An overview of Romania’s 2020 FDI performance

Mihai Cristea 06/01/2021 | 18:10

The COVID-19 crisis brought unprecedented changes to the economy, largely due to the strict social distancing measures adopted by governments to limit the spread of the virus. Investment flows across Romania are expected to decline, but there is still room for optimism: foreign direct investment (FDI) could represent a central driving force for post-pandemic economic growth.

By Claudiu Vrinceanu

 

But for this to happen, Romania will have to reshape its approach towards attracting FDI in order to increase its attractiveness for foreign investors. This will be a complex process considering the fact that the intense competition among countries to attract and retain FDI is the most important challenge currently faced by International Promotion Agencies (IPAs) like Invest Romania. The COVID-19 pandemic has led to major economic disruptions across the globe. Nevertheless, it is still relevant to understand Romania’s pre-crisis FDI dynamics in order to fully grasp current and future trends.

 

The greenfield investment indicator

The value of greenfield investment project announcements – an indicator of future FDI trends – recorded a bigger fall (-49 percent) in developing economies like Romania than it did in developed economies (-17 percent), reflecting developing countries’ more limited capacity to roll out economic support packages, according to UNCTAD’s latest Global Investment Trends Monitor. Greenfield investments are important because such projects are developed by companies building their business from the ground up on a new market, indicating that they are there to stay.

 

Investors are cautious, but not fully retreating

In Romania, 46 percent of investors have cancelled, reduced or paused their planned investments, while 51 percent made no changes to their investment plans, according to the EY Attractiveness Survey on Romania.

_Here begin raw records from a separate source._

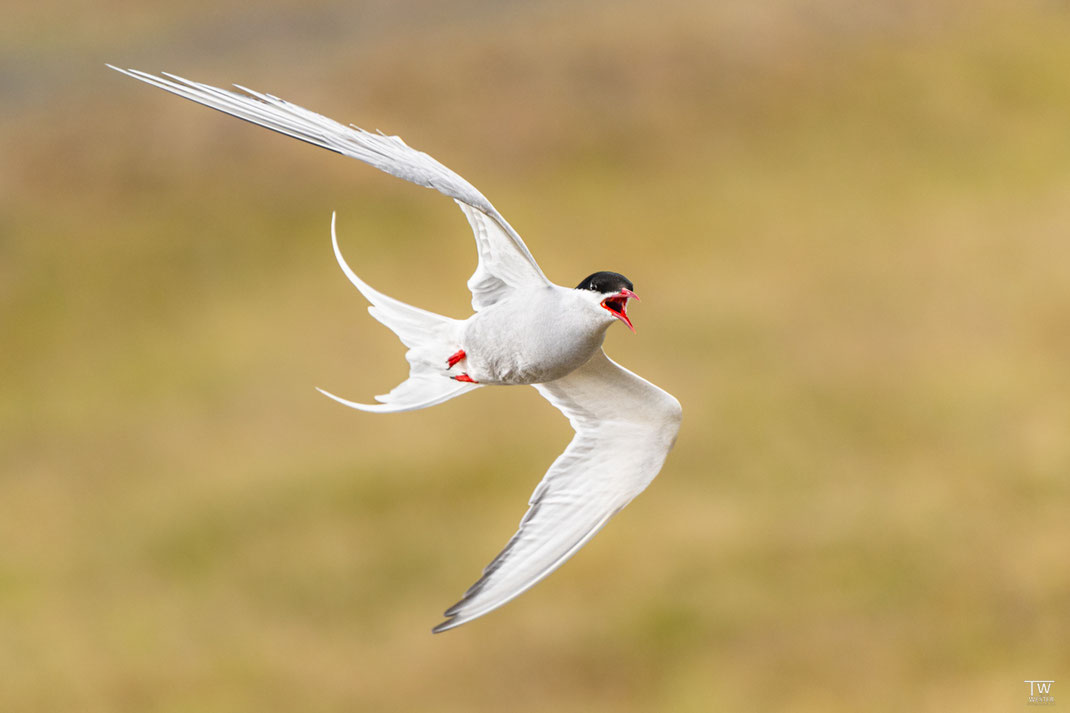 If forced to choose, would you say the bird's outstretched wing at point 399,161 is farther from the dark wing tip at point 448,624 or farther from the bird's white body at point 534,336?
the dark wing tip at point 448,624

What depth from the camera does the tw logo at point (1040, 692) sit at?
16922 mm

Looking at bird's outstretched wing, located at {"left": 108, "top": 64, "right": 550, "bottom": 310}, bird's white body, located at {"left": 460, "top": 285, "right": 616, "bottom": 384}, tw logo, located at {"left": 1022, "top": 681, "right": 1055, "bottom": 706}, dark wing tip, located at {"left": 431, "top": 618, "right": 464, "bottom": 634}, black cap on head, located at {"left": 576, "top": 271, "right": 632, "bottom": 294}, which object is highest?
tw logo, located at {"left": 1022, "top": 681, "right": 1055, "bottom": 706}

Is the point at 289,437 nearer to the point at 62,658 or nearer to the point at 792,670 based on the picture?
the point at 62,658

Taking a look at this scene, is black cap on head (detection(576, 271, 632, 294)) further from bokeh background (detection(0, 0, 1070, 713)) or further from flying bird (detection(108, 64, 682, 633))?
bokeh background (detection(0, 0, 1070, 713))

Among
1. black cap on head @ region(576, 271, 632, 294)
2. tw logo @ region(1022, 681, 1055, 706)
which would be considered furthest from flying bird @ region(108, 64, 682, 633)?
tw logo @ region(1022, 681, 1055, 706)

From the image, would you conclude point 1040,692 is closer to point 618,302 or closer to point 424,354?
point 424,354

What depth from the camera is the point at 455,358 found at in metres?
4.56

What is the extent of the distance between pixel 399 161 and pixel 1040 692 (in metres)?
15.6

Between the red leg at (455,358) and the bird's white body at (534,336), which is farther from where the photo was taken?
the red leg at (455,358)

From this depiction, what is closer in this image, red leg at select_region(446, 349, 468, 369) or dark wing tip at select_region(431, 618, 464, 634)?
red leg at select_region(446, 349, 468, 369)

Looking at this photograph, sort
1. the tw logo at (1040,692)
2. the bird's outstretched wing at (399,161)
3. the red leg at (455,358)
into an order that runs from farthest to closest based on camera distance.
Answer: the tw logo at (1040,692), the red leg at (455,358), the bird's outstretched wing at (399,161)

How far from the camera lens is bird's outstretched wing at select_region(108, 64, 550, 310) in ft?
12.1

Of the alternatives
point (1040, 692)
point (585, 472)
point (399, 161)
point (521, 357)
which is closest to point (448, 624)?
point (585, 472)

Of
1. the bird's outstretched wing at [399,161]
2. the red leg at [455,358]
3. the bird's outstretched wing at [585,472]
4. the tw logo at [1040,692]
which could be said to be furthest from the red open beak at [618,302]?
the tw logo at [1040,692]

Looking to the future, investors are still optimistic and believe that Romania will become more attractive after the COVID-19 pandemic ends. Supply chain (35 percent) and manufacturing operations (36 percent) are regarded as the country’s main investment attractions. To increase its competitiveness, most foreign investors believe that Romania should highlight its agriculture and IT assets. Romania should focus its efforts on funding key issues like education, technological transformation, and infrastructure.

 

A possible solution from Invest Romania

The role of investment promotion agencies is becoming more important right now, and Romania could learn a lot from other countries’ governmental agencies focused on attracting new FDI. A recent UNCTAD study of 174 national IPA websites found that 64 percent of these agencies had a rapid online response to the COVID-19 pandemic, with 40 percent of IPA websites providing at least some information related to COVID-19, while 24 percent only displayed a notification informing visitors whether the IPA was still operating. Investment promotion agencies are eager to promote renewables and are increasingly inclined to digitalize their methods, according to a joint survey by the World Association of Investment Promotion Agencies (WAIPA) and the World Bank. Sector targeting is an important element of investment promotion and should be considered by the Romanian government through Invest Romania, the governmental body responsible for promoting foreign direct investment in the country. Without targeting, the government’s efforts are likely to be inefficient and unsuccessful. However, governmental promotion agencies tend to have multiple priority sectors: according to the survey findings, IPAs have 11 priority sectors on average. The most popular sectors they target are renewable energy and information technology (IT) services.

How can Romania retain its attractiveness post-COVID-19? In terms of sectors that could accelerate Romania’s development, according to EY, a majority of foreign investors mentioned agriculture (35 percent), the IT sector (29 percent), and transport and motor vehicles (21 percent).